| Requirement |
Here is the task for the records below: repeat exactly the lines from the one with "Easy Chicken Wild" to the one with "8 Pcs Small", both included, and nothing else.

| Input data |
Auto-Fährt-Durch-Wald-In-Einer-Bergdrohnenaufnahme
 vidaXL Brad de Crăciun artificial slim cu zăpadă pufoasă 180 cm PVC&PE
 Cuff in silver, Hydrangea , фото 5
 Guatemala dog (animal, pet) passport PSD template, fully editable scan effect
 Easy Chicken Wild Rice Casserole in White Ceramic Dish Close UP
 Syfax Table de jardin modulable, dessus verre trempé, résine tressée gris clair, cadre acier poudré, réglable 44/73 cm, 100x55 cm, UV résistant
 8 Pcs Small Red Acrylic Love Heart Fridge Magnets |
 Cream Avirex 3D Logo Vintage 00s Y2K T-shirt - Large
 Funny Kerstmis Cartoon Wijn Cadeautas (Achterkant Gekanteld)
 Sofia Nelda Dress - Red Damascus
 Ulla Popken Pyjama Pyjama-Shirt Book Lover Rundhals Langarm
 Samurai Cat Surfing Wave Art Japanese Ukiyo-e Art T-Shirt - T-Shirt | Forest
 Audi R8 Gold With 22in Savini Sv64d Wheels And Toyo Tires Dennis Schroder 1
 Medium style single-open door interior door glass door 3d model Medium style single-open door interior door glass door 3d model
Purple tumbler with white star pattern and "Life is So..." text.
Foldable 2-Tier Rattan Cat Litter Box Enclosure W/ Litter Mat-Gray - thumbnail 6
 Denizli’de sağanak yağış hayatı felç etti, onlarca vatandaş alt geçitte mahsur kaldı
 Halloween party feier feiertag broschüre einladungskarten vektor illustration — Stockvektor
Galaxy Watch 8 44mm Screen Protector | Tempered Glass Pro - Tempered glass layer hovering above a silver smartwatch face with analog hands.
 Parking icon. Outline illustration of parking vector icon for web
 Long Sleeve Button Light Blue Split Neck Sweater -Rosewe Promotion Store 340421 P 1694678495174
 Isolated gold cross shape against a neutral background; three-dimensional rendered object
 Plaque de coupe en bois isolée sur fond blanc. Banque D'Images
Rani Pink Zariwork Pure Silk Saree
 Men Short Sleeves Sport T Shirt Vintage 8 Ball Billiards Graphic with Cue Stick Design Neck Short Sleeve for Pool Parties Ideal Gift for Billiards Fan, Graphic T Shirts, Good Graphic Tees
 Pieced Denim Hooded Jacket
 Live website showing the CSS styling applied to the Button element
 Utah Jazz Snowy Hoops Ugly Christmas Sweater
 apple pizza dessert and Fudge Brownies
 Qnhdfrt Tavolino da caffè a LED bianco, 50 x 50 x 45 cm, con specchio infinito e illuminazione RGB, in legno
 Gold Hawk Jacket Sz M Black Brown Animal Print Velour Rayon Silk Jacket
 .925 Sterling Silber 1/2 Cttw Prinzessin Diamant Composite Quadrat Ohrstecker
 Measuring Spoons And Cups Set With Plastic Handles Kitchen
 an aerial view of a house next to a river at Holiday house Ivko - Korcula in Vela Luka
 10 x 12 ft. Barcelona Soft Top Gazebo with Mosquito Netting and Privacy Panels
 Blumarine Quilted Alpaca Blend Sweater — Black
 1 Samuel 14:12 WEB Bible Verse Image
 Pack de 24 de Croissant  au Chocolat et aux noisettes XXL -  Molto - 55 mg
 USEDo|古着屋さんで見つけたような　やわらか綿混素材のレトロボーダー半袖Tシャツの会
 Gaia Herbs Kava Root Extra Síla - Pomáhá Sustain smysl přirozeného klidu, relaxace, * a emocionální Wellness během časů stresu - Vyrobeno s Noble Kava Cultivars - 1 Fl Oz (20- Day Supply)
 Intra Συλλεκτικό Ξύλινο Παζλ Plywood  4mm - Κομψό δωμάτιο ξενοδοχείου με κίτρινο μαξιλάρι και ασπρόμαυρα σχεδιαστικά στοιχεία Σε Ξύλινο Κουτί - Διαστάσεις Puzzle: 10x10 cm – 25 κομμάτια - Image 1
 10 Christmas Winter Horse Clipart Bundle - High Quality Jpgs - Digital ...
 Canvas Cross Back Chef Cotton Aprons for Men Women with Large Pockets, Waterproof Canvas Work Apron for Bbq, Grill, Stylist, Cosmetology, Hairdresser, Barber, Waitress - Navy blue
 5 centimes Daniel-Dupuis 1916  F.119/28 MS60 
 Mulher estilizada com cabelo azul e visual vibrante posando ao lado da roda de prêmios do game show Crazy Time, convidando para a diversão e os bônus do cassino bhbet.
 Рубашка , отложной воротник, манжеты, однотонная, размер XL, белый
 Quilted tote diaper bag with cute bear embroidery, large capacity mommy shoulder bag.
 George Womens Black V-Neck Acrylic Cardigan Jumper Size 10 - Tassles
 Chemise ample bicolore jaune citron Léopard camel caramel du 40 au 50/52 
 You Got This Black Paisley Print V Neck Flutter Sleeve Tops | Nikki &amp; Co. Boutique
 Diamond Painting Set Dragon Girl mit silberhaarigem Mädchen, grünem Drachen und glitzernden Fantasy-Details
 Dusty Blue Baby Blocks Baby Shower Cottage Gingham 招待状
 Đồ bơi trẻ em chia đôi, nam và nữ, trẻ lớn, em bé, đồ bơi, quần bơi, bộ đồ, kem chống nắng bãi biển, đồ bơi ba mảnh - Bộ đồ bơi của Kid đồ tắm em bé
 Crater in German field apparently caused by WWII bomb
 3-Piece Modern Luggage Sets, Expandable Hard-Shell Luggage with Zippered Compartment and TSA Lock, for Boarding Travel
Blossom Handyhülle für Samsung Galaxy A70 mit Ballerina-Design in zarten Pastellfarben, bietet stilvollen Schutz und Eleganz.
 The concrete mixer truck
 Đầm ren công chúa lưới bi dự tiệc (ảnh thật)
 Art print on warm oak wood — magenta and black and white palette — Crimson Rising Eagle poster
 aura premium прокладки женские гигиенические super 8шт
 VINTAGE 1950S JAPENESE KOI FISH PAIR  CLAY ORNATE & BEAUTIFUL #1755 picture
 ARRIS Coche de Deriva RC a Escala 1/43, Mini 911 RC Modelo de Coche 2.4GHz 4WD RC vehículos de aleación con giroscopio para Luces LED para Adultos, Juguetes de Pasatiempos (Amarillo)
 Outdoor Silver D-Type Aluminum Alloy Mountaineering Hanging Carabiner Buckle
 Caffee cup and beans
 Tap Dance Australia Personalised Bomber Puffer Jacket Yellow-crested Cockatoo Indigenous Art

| Response to the task |
 Easy Chicken Wild Rice Casserole in White Ceramic Dish Close UP
 Syfax Table de jardin modulable, dessus verre trempé, résine tressée gris clair, cadre acier poudré, réglable 44/73 cm, 100x55 cm, UV résistant
 8 Pcs Small Red Acrylic Love Heart Fridge Magnets |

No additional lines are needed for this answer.